Everything you post is public. The idea that you can limit your audience is an illusion. Whether your message is a faculty newsletter, a letter to alumni, or a student-focused social media post, assume that whatever you send will ultimately reach the widest possible audience.
Consult your cabinet. When in doubt, I run the team lead’s ideas to see who I may have inadvertently offended or left out. But remember that your older employees may come off as overprotective and therefore risk averse. As Tulane’s chief of staff to the president, I hesitated to recommend that my boss stick his neck out and suffer the backlash, even if I would choose that risk myself.
But don’t overdo it. The inertia of consulting too many people can be worse than the risk of your message not being exactly right. Too many rounds of editing can delay delivery and degrade your voice so much that the output is milquetoast, why even bother? If you’re circulating a Google Doc, avoid chaos by only allowing comments, not edits that can become messy or substitute someone else’s tone for your own.
Stick to subjects where your message can be effective. I will be relieved to manage my career without ever making a public statement about the Middle East—a hugely complex and important subject that I confide in others about. Stick to issues that have a direct impact on higher education and our students, even if that can be hard to define. I may not weigh in on the intricacies of the nation’s immigration policy, but I have taken a stand in support of DACA and international students. Pick your battles to maintain credibility and avoid diluting the power of your messages. You cannot become a daily news commenter.

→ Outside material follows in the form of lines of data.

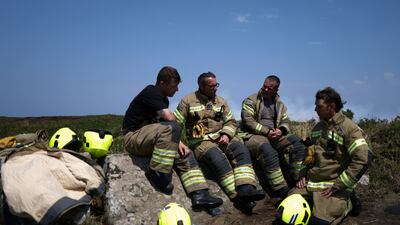 Firefighters rest after attending a gorse bush fire near Zennor in Cornwall. Reuters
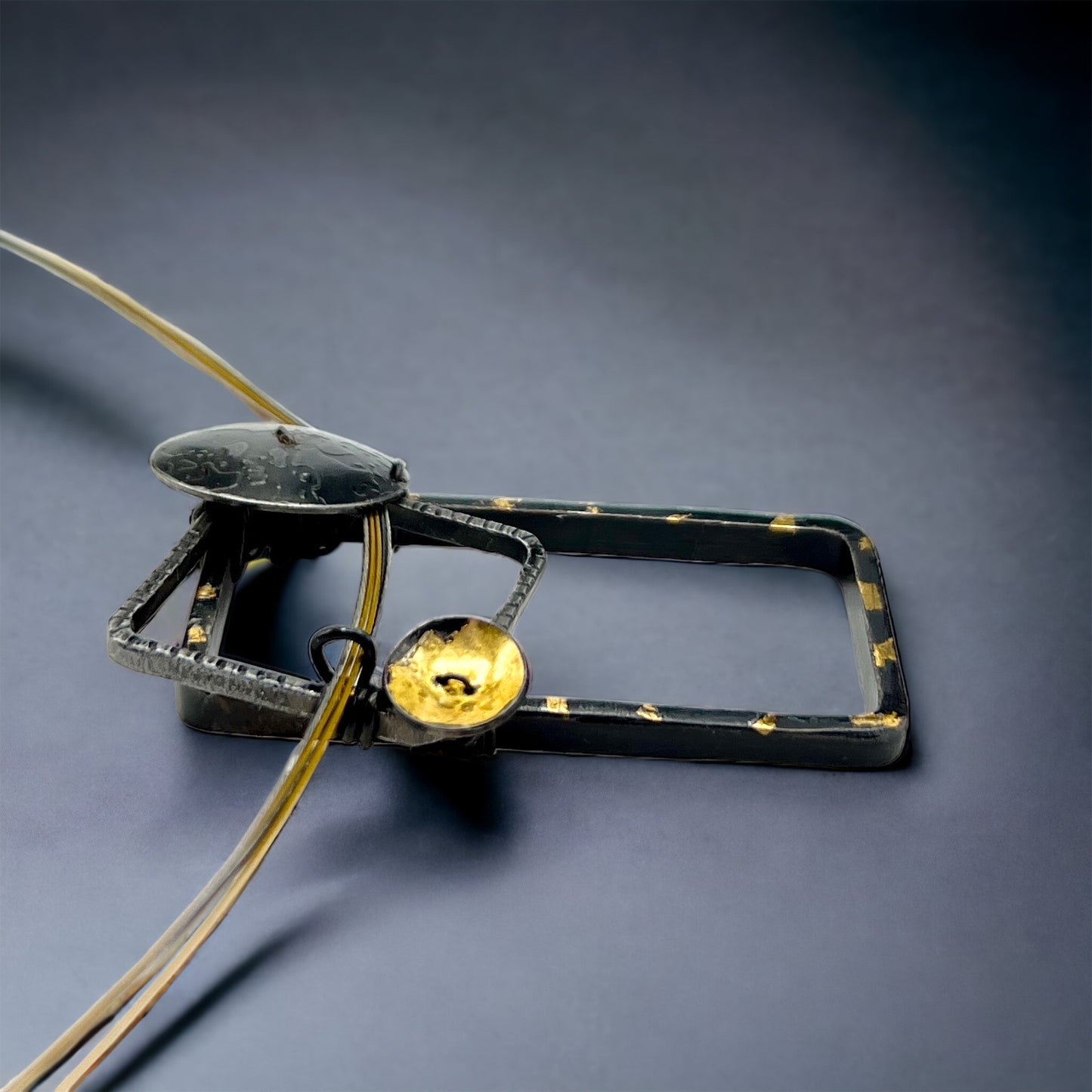 Bold and geometric....steel necklace with 24K gold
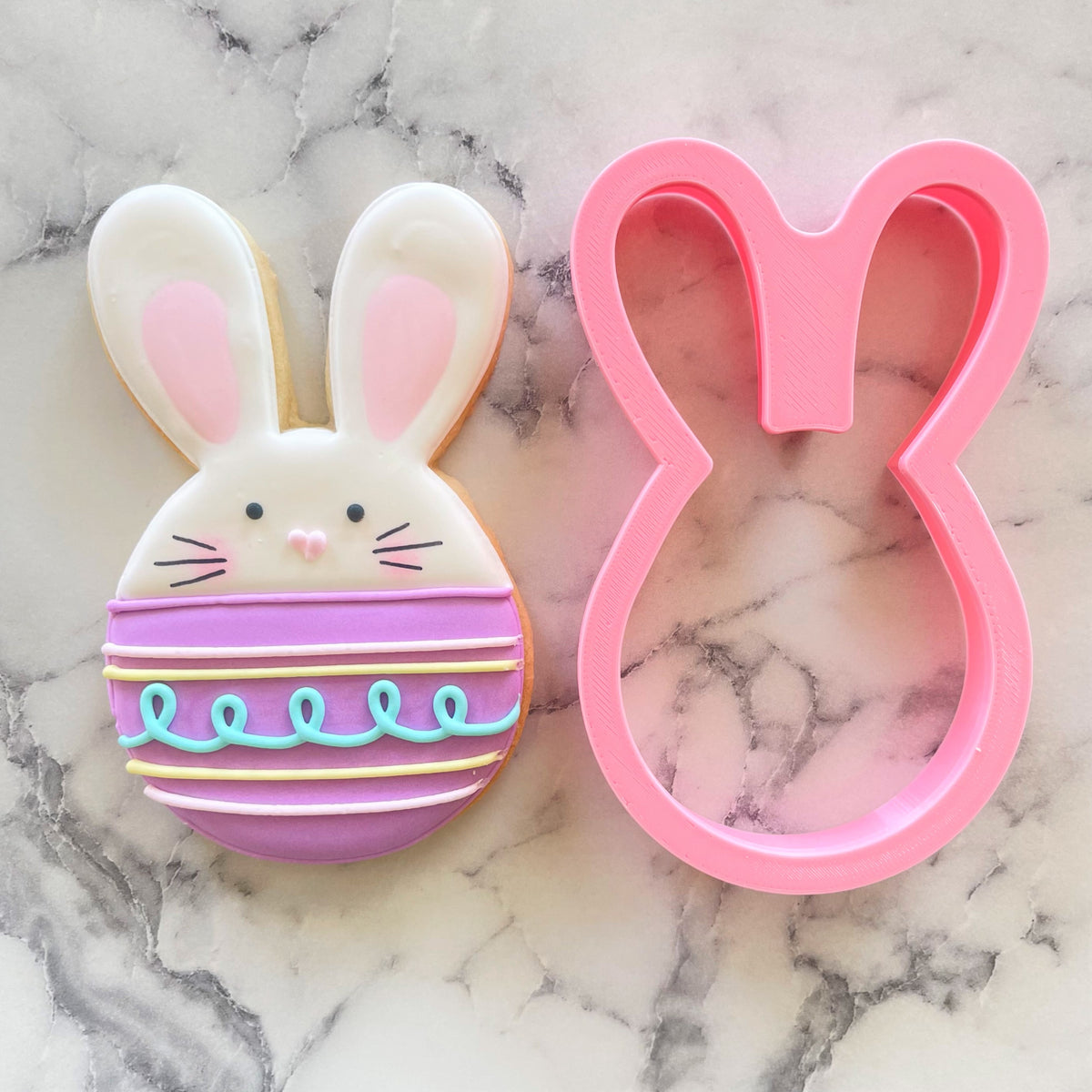 Pink bunny egg cookie cutter with smooth glossy finish designed for baking shaped cookies
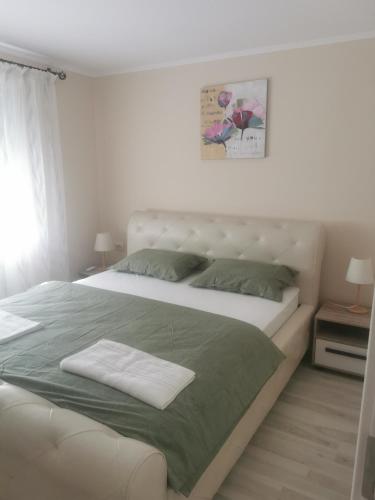 a bedroom with a large white bed with green sheets at Sidus in Satu Mare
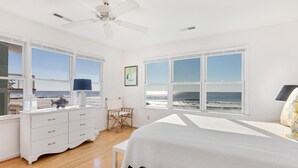 Une chambre avec un grand lit, une commode blanche, une chaise et une vue sur l’océan.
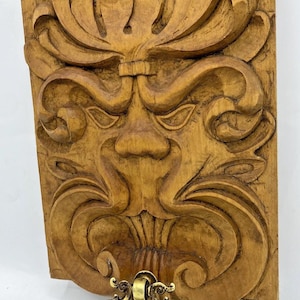 May include: A carved wooden wall plaque depicting a stylized face with intricate details. The plaque is a warm brown colour and has a brass door knocker attached at the bottom. The design is reminiscent of classical architectural elements.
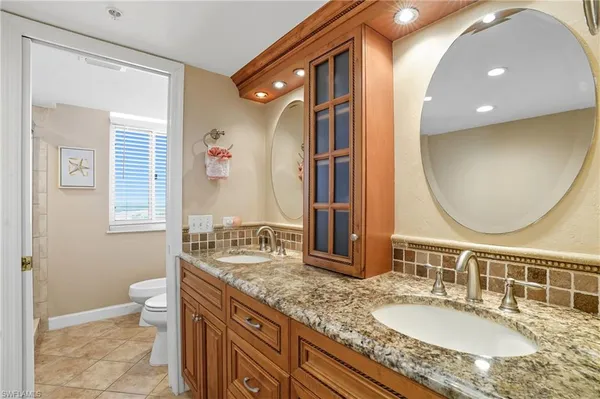 a bathroom with a bathtub and a toilet
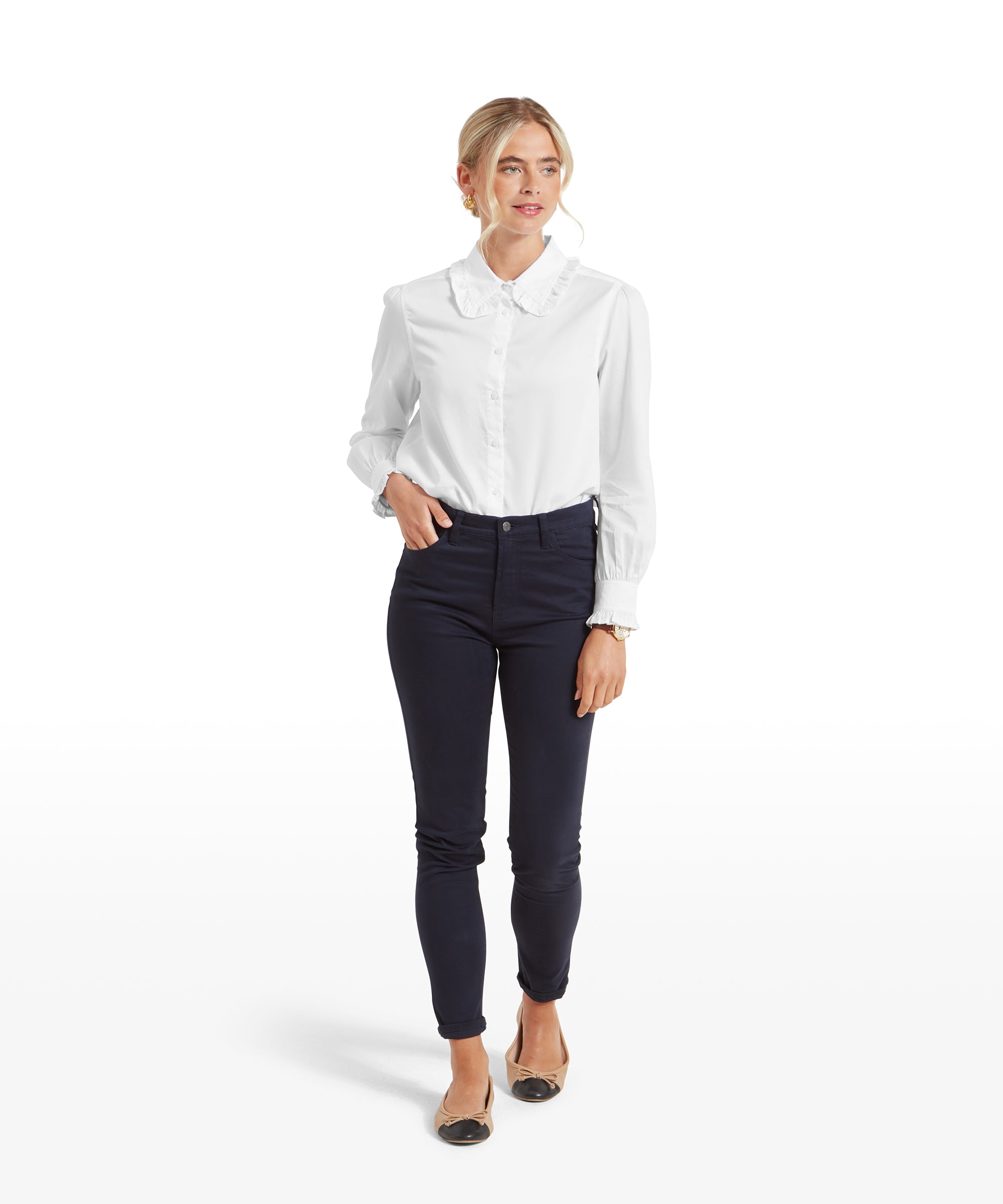 The same woman is shown in a full-body view, wearing the Schöffel Somerleyton Shirt for Women in White and navy pants. She has paired the outfit with nude flats that have a black cap toe. She stands confidently with her arms relaxed by her sides.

Raise issues that should matter more. We can say something meaningful without dividing our communities by instead highlighting issues that deserve more attention. Critics may argue that doubling Pell Grants it’s too expensive, but I’m not waving a red flag at the bull by advocating more educational opportunities. When I talk about domestic violence and sexual assault, I know that no one is publicly in favor of violence against women. We have a chance to fight inertia and apathy, to convince without causing controversy.